Data for analysis START

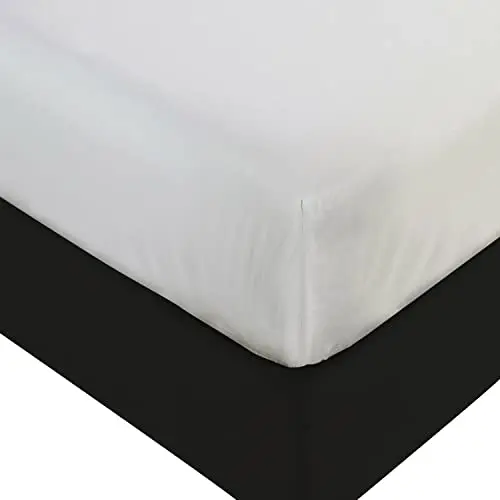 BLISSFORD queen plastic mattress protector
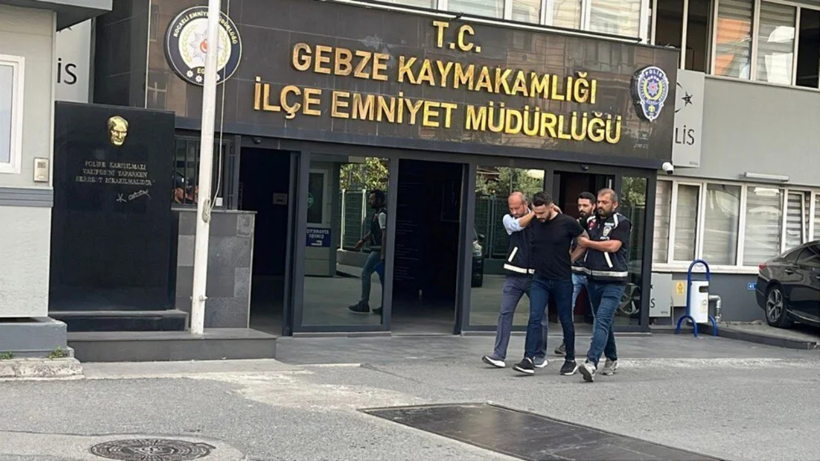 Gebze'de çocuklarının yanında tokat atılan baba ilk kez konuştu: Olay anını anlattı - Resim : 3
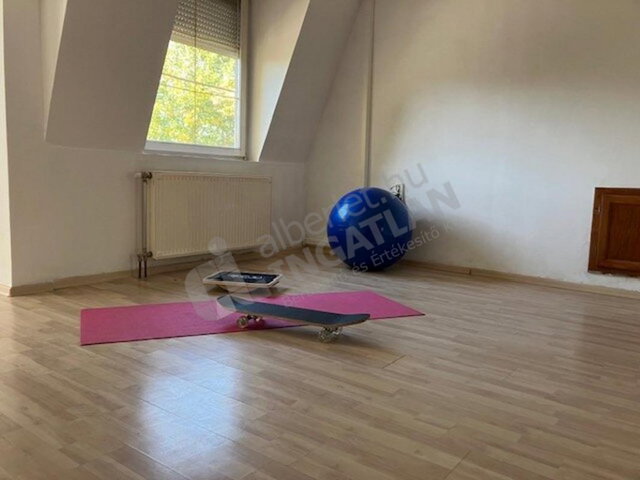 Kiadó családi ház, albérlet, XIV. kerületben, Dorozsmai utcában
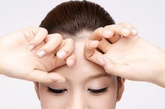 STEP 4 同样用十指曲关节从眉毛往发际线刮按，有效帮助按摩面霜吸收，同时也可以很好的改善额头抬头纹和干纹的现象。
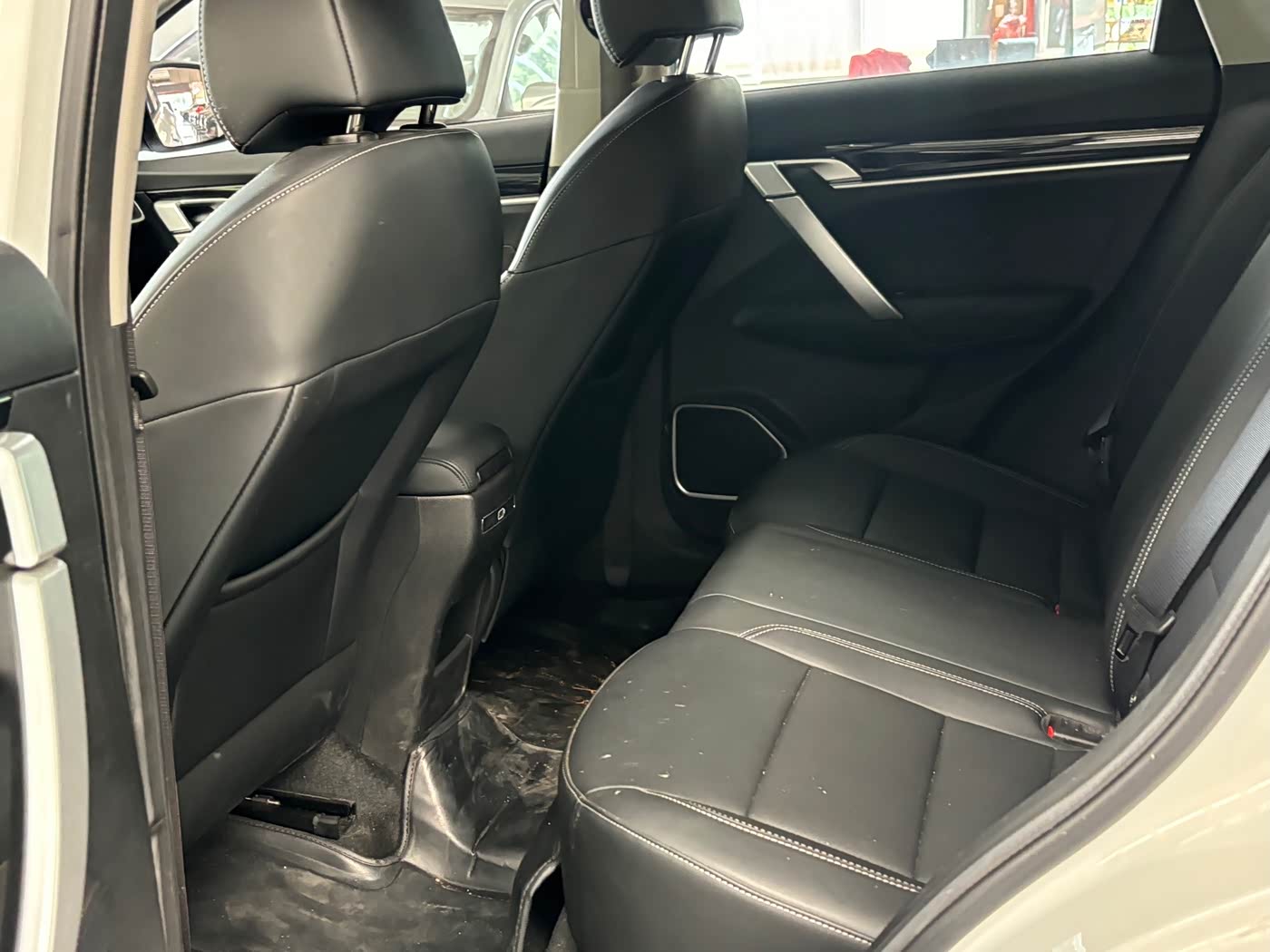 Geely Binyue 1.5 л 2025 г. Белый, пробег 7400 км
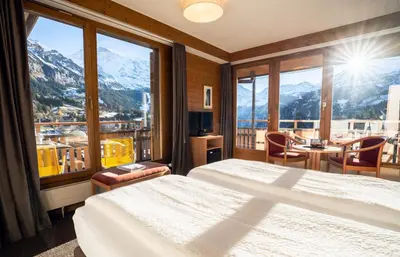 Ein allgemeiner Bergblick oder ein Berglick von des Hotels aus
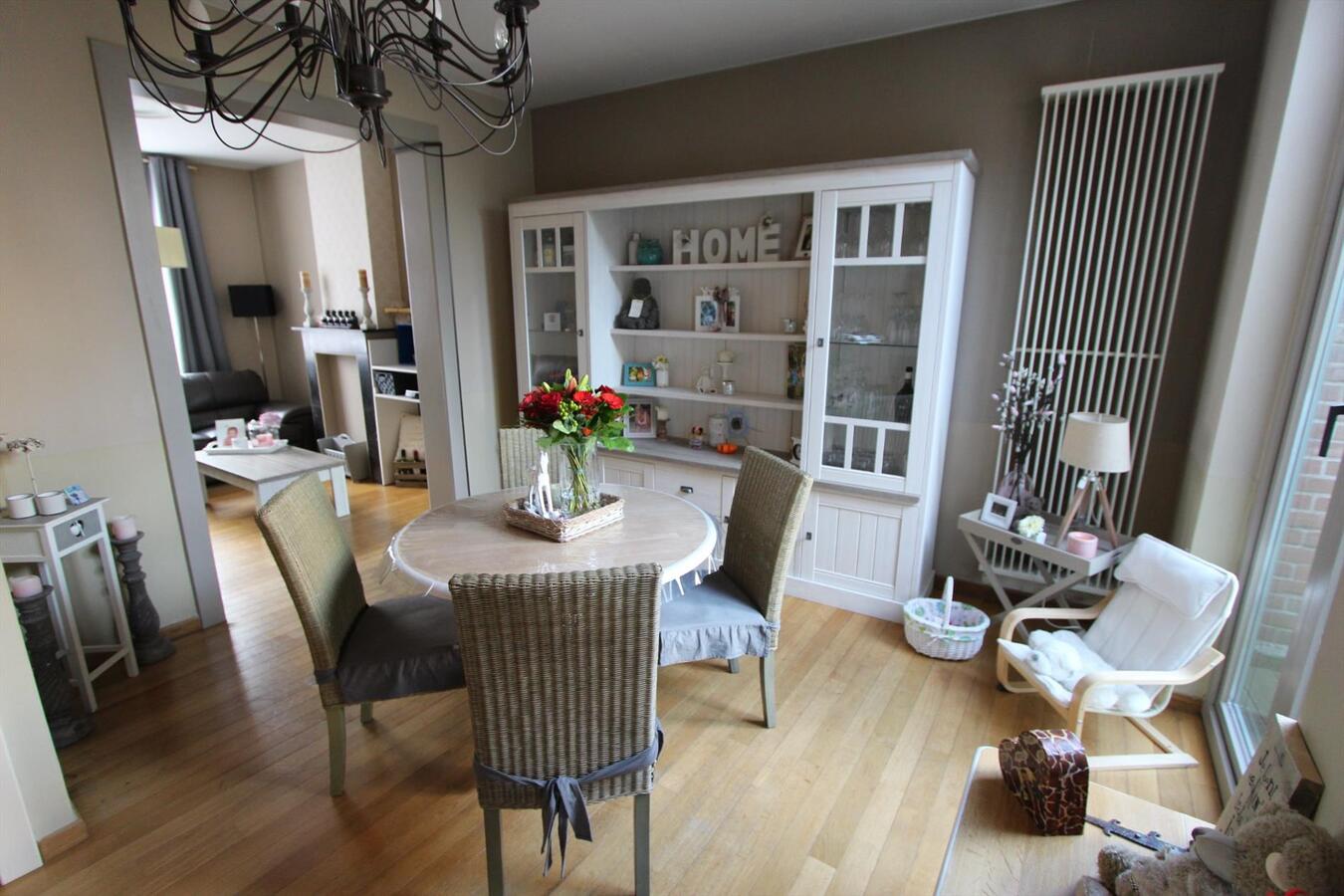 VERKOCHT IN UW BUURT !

Data for analysis END
Data for analysis START

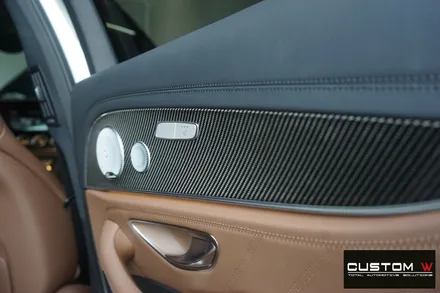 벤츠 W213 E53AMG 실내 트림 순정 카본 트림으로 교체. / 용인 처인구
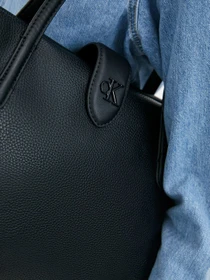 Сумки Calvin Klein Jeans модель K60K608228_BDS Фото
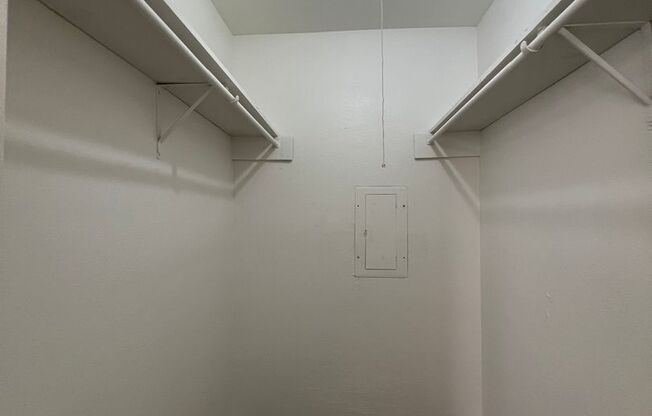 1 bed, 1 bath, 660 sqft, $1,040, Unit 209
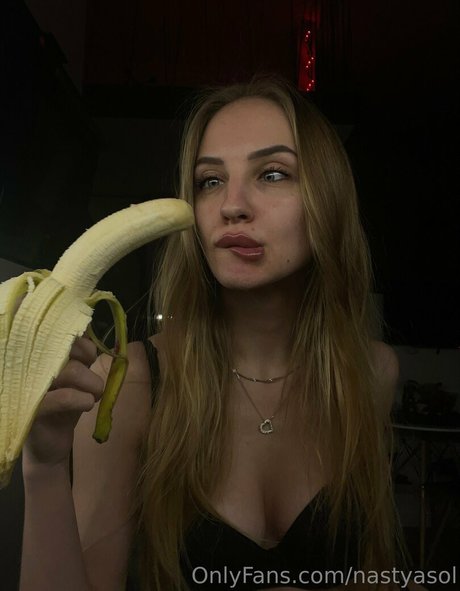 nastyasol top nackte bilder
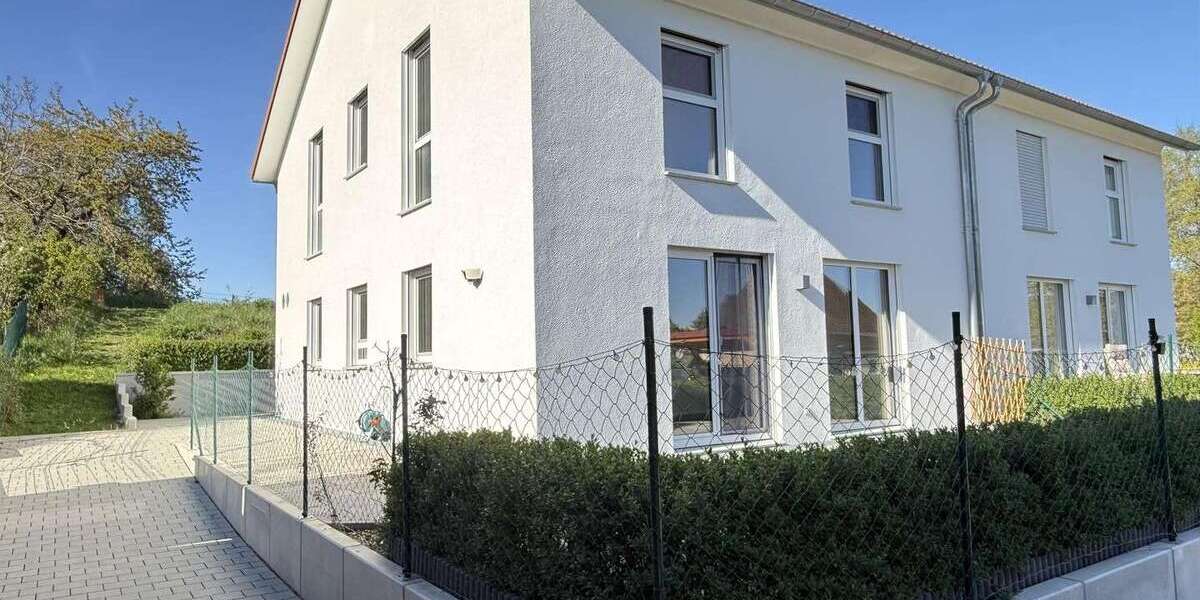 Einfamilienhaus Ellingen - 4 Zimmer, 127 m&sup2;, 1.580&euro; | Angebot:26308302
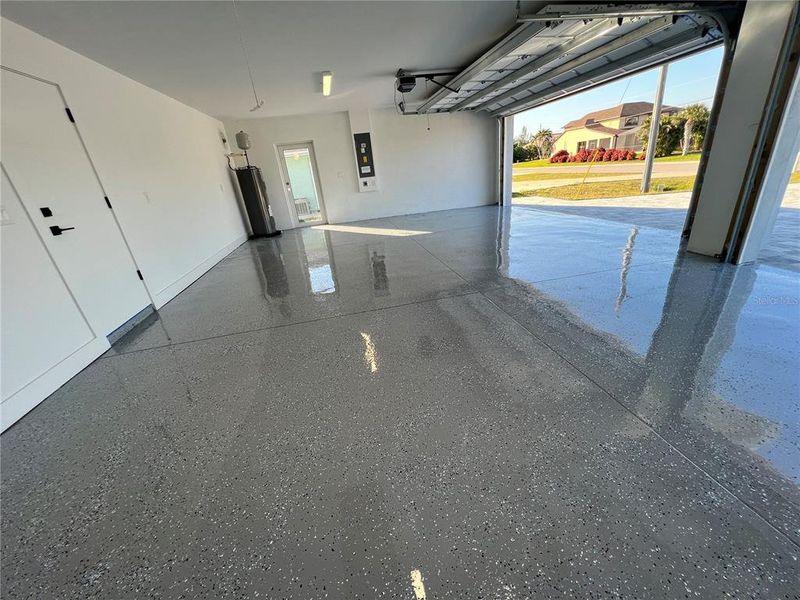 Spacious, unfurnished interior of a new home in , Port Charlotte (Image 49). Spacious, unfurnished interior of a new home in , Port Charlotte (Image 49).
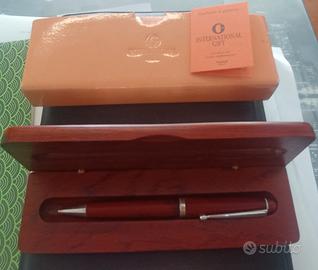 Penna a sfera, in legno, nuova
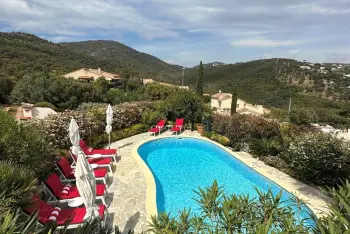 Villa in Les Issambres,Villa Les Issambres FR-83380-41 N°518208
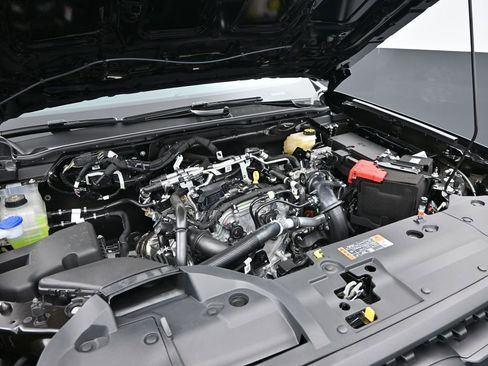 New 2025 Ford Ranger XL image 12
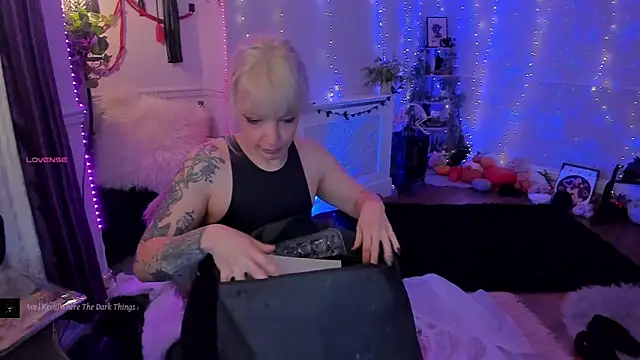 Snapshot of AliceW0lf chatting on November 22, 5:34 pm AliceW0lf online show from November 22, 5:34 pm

Data for analysis END
Data for analysis START

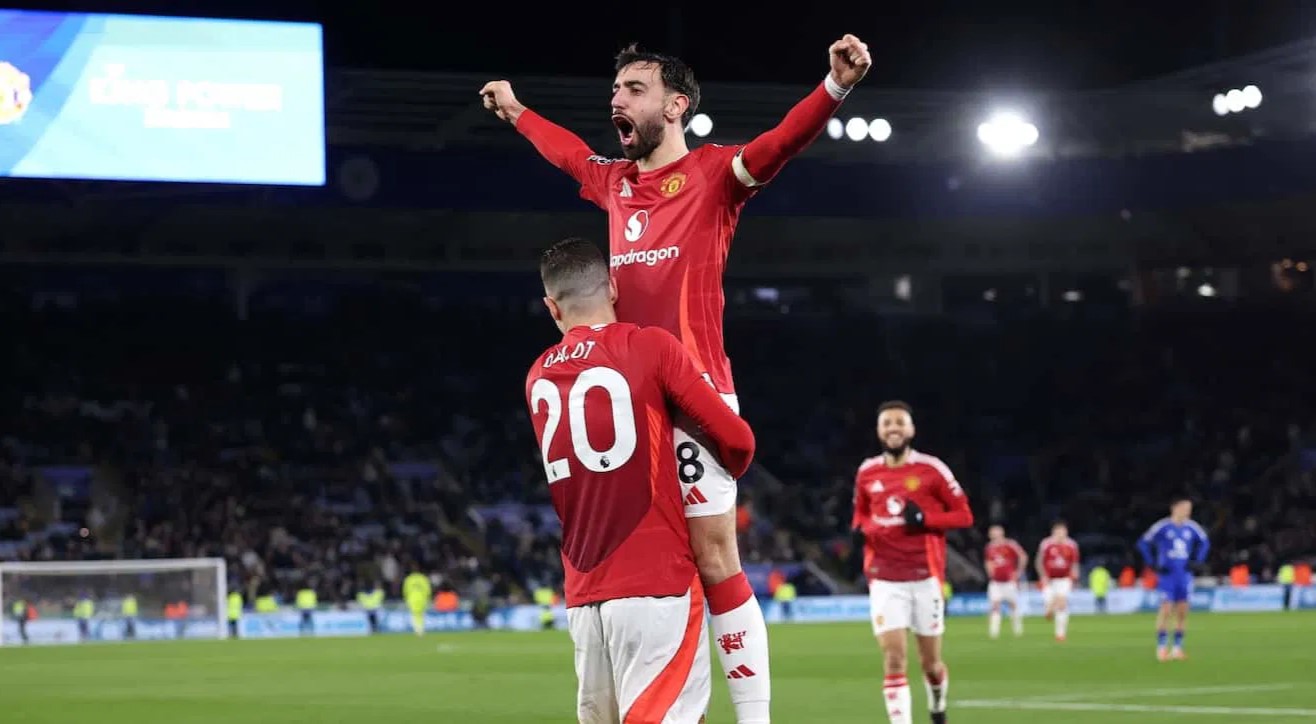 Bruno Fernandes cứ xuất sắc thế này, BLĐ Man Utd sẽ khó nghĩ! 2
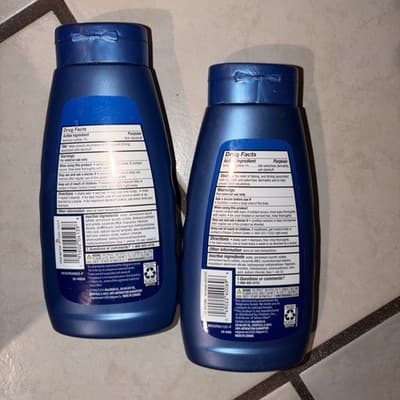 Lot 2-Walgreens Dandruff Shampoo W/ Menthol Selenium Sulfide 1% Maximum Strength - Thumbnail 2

Data for analysis END

• [Exercise details] Above are records; write out the lines from the one with "BLISSFORD queen plastic mattress protector" down to the one with "VERKOCHT IN UW BUURT !", exactly, leaving the pictures out.

• [Finished exercise]
 BLISSFORD queen plastic mattress protector
 Gebze'de çocuklarının yanında tokat atılan baba ilk kez konuştu: Olay anını anlattı - Resim : 3
 Kiadó családi ház, albérlet, XIV. kerületben, Dorozsmai utcában
 STEP 4 同样用十指曲关节从眉毛往发际线刮按，有效帮助按摩面霜吸收，同时也可以很好的改善额头抬头纹和干纹的现象。
 Geely Binyue 1.5 л 2025 г. Белый, пробег 7400 км
 Ein allgemeiner Bergblick oder ein Berglick von des Hotels aus
 VERKOCHT IN UW BUURT !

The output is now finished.